Even if agriculture programs emerge more intact than the White House wants, more uncertainty exists for the near future. The next farm bill must be written and agriculture’s major players are jostling over what policies to back.
In mid-September, the National Farmers Union (NFU) showcased a study done by the University of Tennessee Agricultural Policy Analysis Center that looks at how farmer owned reserves (FORs) would work for farmers and taxpayers in the current climate.
See a study report here.
The study “found that, if we had adopted this approach over the last 13 years (1998 through 2010), the value of U.S. exports would have been nearly $5 billion more than it actually was,” said Roger Johnson, NFU President. “Corn prices would have been $0.26 higher than they actually were, wheat prices would have been $0.48 higher, and soybeans would have averaged $1.09 more over the period studied. The farmer-owned reserve acts to moderate highs and lows of grain prices, and during the period studied, farmers would have gained more income from market receipts and relied less on government payments, which would have been reduced by more than half.”

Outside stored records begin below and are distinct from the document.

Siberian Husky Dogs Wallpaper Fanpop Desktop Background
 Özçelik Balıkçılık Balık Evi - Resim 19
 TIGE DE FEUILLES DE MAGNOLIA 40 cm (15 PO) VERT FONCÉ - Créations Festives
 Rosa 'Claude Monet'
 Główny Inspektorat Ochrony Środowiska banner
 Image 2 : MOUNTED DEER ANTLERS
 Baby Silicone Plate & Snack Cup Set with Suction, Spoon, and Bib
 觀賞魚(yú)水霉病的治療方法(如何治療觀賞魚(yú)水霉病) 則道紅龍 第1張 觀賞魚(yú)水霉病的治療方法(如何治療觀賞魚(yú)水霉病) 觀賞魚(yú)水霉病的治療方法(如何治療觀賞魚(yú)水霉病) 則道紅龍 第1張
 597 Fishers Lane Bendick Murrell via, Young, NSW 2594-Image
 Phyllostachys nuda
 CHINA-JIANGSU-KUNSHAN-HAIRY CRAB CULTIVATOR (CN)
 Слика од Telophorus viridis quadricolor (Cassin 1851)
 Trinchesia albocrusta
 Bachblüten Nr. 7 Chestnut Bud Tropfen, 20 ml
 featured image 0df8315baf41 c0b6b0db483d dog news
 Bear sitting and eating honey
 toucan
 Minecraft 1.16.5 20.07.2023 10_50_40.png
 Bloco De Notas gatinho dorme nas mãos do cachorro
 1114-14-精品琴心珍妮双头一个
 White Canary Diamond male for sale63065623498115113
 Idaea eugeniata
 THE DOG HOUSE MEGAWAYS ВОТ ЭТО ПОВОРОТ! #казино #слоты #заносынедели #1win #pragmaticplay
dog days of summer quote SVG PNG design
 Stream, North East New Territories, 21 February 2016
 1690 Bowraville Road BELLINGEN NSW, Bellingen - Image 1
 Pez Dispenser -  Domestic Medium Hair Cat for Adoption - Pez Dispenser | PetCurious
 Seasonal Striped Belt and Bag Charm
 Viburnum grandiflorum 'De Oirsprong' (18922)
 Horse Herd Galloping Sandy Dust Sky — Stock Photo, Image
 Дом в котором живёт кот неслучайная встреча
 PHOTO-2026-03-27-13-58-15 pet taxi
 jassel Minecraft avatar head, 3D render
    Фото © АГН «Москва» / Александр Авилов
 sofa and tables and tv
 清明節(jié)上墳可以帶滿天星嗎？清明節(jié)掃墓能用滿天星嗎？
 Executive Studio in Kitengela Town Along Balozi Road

On Tuesday, Farm Press spoke with Harwood Schaffer, Research Assistant Professor at the UT Agricultural Policy Analysis Center. Schaffer, one of the study’s authors, explained why FORs should be considered by Congress, how cotton would fit into the system and how it would stabilize food and animal feed costs. Among his comments:
On Obama’s budget proposals and how they would affect agriculture…
“I’ve been following the proposals in rough detail and am aware of what’s involved. Everyone seems to be figuring out a response.
“Certainly, Obama’s approach will come through the USDA. (Agriculture Secretary) Tom Vilsack was at the (recent) NFU meeting (where the UT study was released). He talked to the NFU but didn’t hear the presentation on the study. But I’m sure he has been apprised of it.
“The NFU, with its legislative fly-in, had visits with a large number of congressional members. They found at least some openness from a number of them.
“Part of that openness comes from the fact that in facing a climate where less money may be available, the study shows over the range of conditions that can happen – and actually did between 1998 and 2010 with relative historic lows and absolute historic highs – the policies outlined would have performed very well and would have saved a significant amount of money. That alone has created some willingness (amongst legislators) to look at this policy that many wrote off since 1996.”
On how the NFU approached the UT economists about doing the study…
“We’ve been talking about doing it for at least a year. We got more specific early this year when funding was discussed and the kind of issues that would be put under study.
“We had to do some work on the modeling side. Over the years, the modeling system has been used for number of things. The policy tools that the NFU wanted to put under study hadn’t been used in for many years. So, we had to do some work to ensure everything was (in order).
“Darryl (Ray, head of the UT Agricultural Policy Analysis Center) and I speak to various NFU groups every year. For instance, last January, I met with farmers in Texas to look at policy options including the elimination of direct payments, basically the elimination of LDPs, and the issue of where to set the loan rate so it provides a stable situation for farmers but isn’t capitalized into land and Monsanto profits.”
Why Monsanto is a concern in such a scenario…
“Monsanto has been clear that they take some large percentage of the gain their technology provides and leaves a smaller amount of gain for the farmer. It their technology increases the farmer’s yield by five bushels per acre, they figure out what the value of that is. They then capture what they believe is their rightful share of that gain.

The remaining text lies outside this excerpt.